Online gaming platform and game development system Roblox has announced the release and open source availability of Cube 3D, an AI model designed to generate 3D objects and environments from text prompts.
Cube 3D will serve as the basis for many AI tools that Roblox Roblox will develop in the future, including advanced scene generation tools. Over time, it will evolve into a multimodal model that incorporates text, images, videos and other input formats, and integrates with Roblox’s existing AI creation tools. AI models can generate 3D models and environments directly from textual descriptions and, in the future, images.
Designing fully functional structures is essential to creating a truly immersive 3D world. This can be the garage where you drive your car, the position to sit, the podium in the victory lane, and more. To achieve this, Roblox took inspiration from advanced models trained with text tokens to predict the next token and form the sentence. Innovation is based on this same principle. Roblox has developed the ability to tokenize 3D objects, recognize shapes as tokens, and train Cube 3D to predict the next shape token to construct a complete 3D object. When fully expanded, Cube 3D predicts the layout and recursively predicts the shape to complete the layout. Users can train tweaks, plugins, or cube 3D using their own data to meet their specific needs.
Roblox innovates object creation with 3D tokenization
The main technical challenge was linking text and images with 3D shapes. A key innovation is 3D tokenization, which allows the platform to represent 3D objects as tokens, similar to how text is represented as tokens.
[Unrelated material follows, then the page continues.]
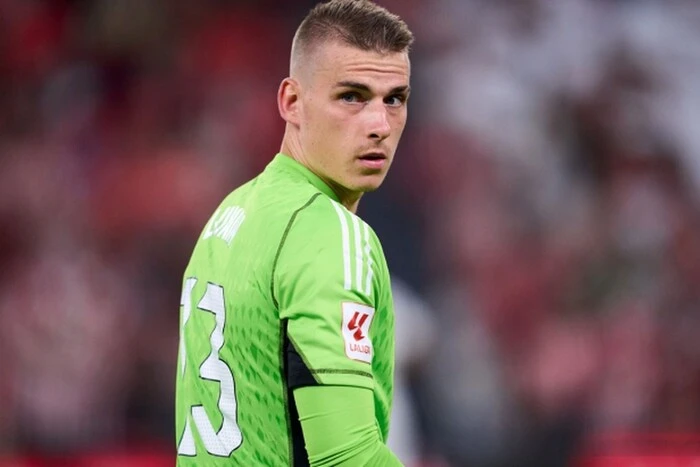 Andriy Lunin named best goalkeeper in the world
This allows Roblox to predict the next shape in the same way that a language model predicts the next word in a sentence.
To achieve the 3D generation, Roblox has developed a unified architecture for autoregressive generation, including the creation of a single object, completion of shapes, and designing multi-object or scene layouts. An auto-detachment transformer is a neural network that uses previous inputs to predict the next component. This architecture supports both scalability and multimodal compatibility, allowing the model to handle different types of inputs (text, visual, audio, 3D). Roblox open sources this model, and at this early stage, authors can generate 3D objects from text prompts. In the future, creators are aiming to generate the entire scene using multiple input types.
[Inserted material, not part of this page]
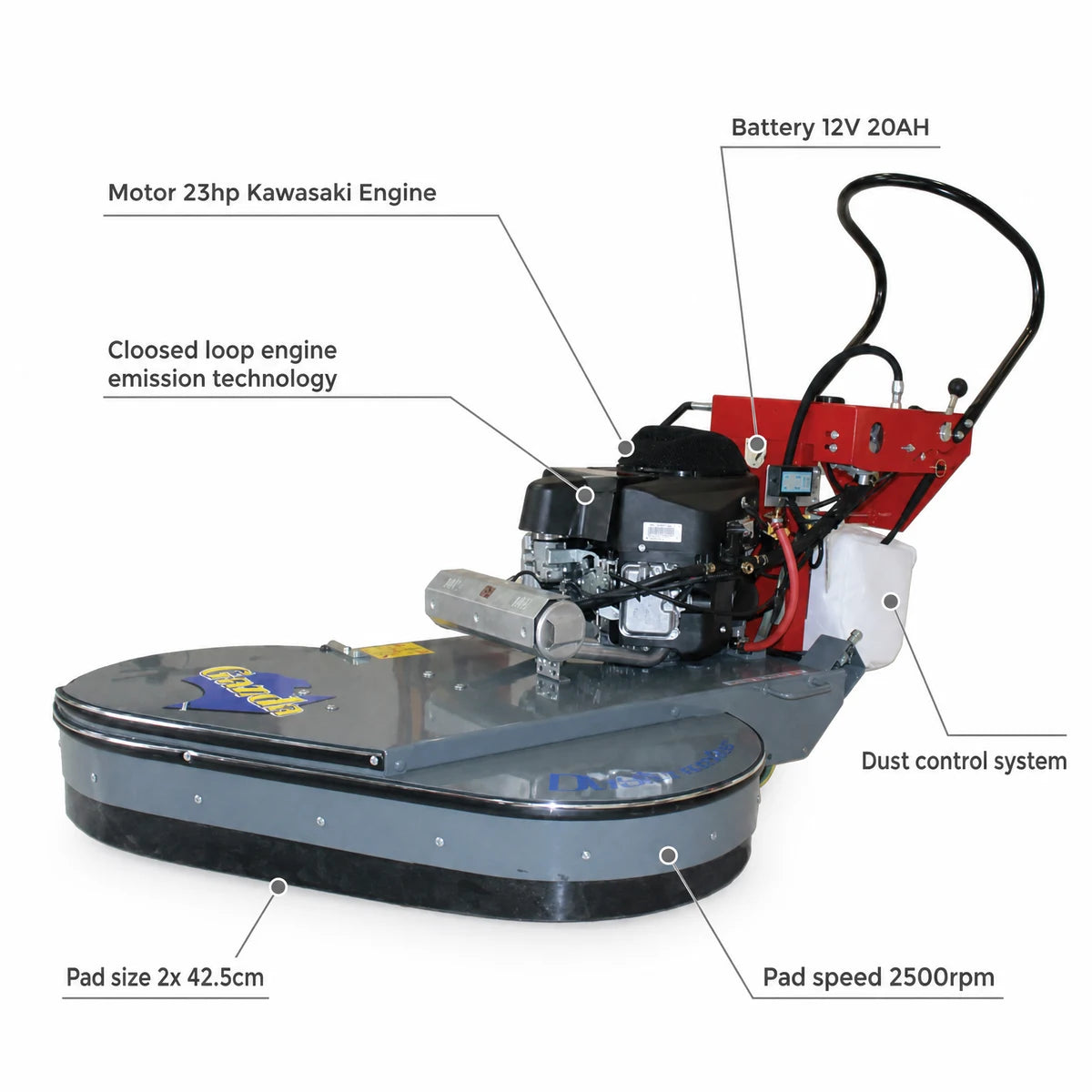 Polivac GAZDA32 82cm Gas Burnisher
To train the Generation Preprocessing Transformer (GPT) for Shape Creation, Roblox uses a separate 3D Shape Token to align with the text prompt. This novel approach will create fully playable 3D scenes in the future.
Roblox is an online gaming platform and game creation system that allows users to design, develop and play games created by other users. From simple games to complex virtual worlds, it offers a vast virtual environment where individuals can create and share interactive 3D experiences.